Exercise objective: Leave out the pictures and retype, exactly, the lines below from the line with "Cough syrup spoon icon." up to and including the line with "Close-up cross-section of", nothing more.

------ Data shown ------

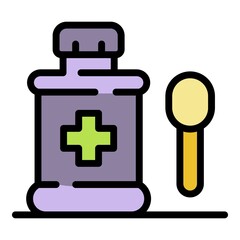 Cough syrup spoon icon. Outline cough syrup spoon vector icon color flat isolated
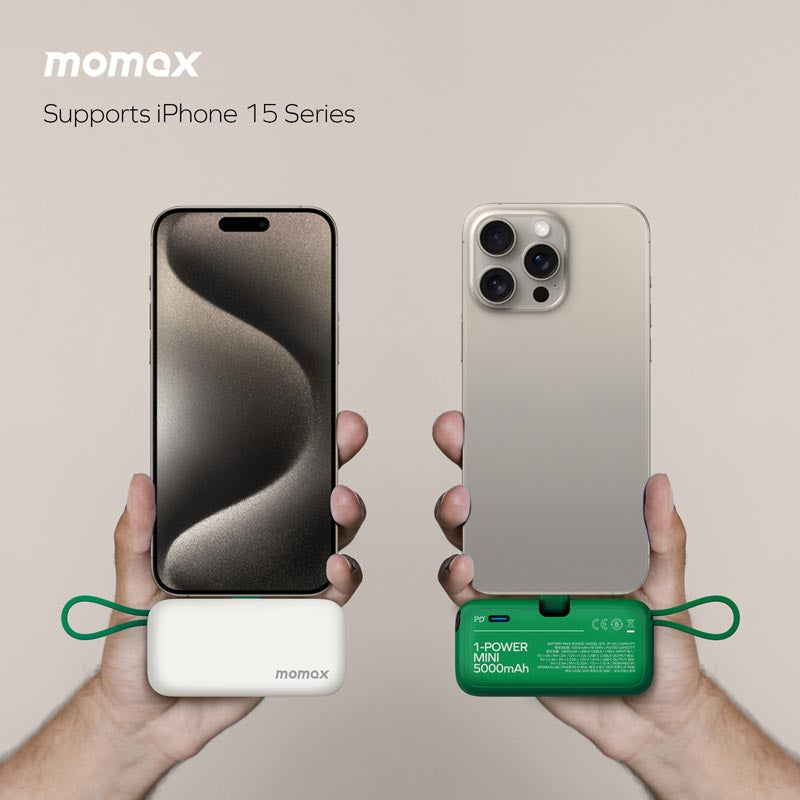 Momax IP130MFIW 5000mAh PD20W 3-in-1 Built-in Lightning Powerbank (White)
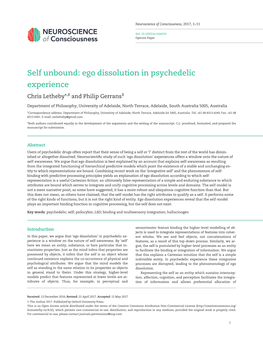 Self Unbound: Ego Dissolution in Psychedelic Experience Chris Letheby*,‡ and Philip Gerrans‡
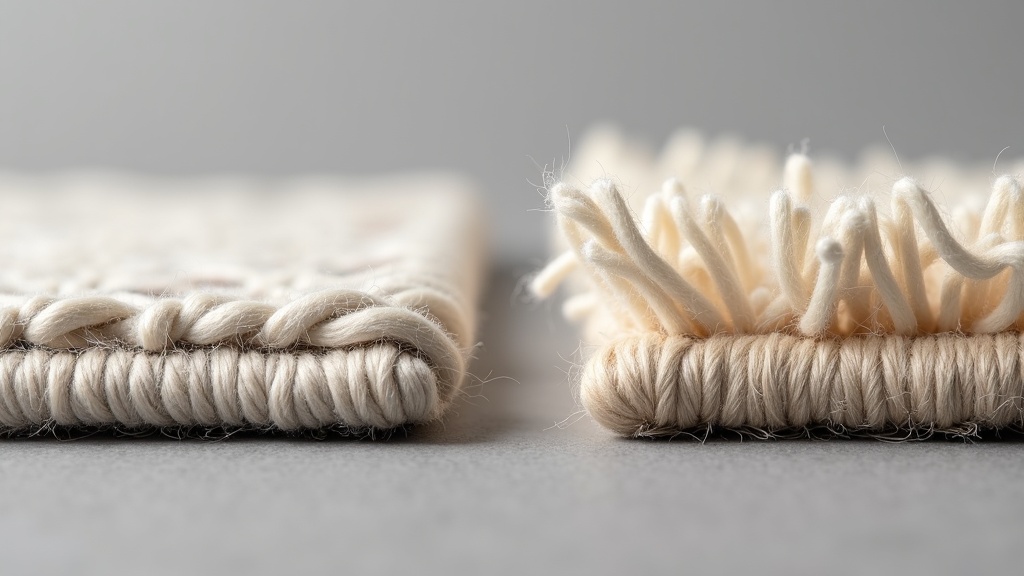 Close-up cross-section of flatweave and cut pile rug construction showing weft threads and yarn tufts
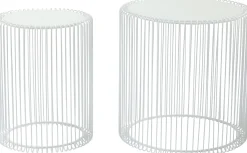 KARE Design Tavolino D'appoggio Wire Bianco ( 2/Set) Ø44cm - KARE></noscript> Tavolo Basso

------
------ Data shown ------

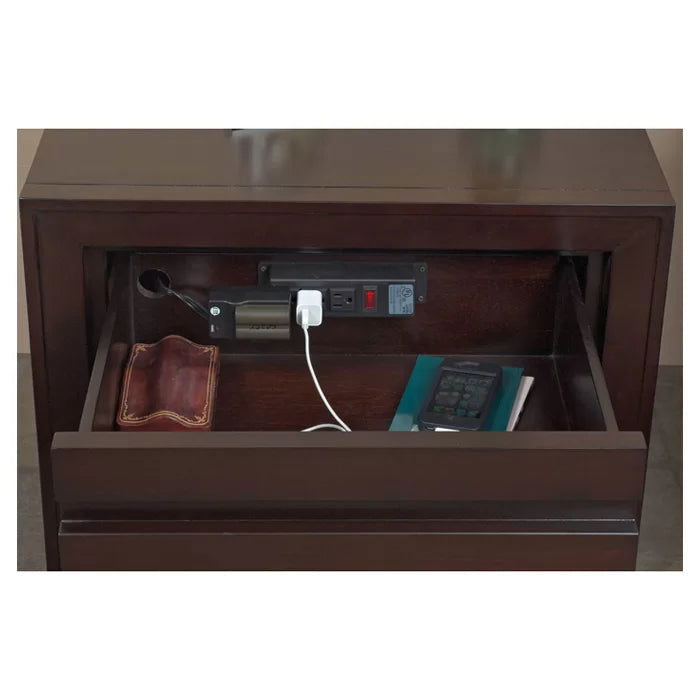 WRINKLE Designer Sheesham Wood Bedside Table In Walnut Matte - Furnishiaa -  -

------

Result of this exercise:
 Cough syrup spoon icon. Outline cough syrup spoon vector icon color flat isolated
 Momax IP130MFIW 5000mAh PD20W 3-in-1 Built-in Lightning Powerbank (White)
 Self Unbound: Ego Dissolution in Psychedelic Experience Chris Letheby*,‡ and Philip Gerrans‡
 Close-up cross-section of flatweave and cut pile rug construction showing weft threads and yarn tufts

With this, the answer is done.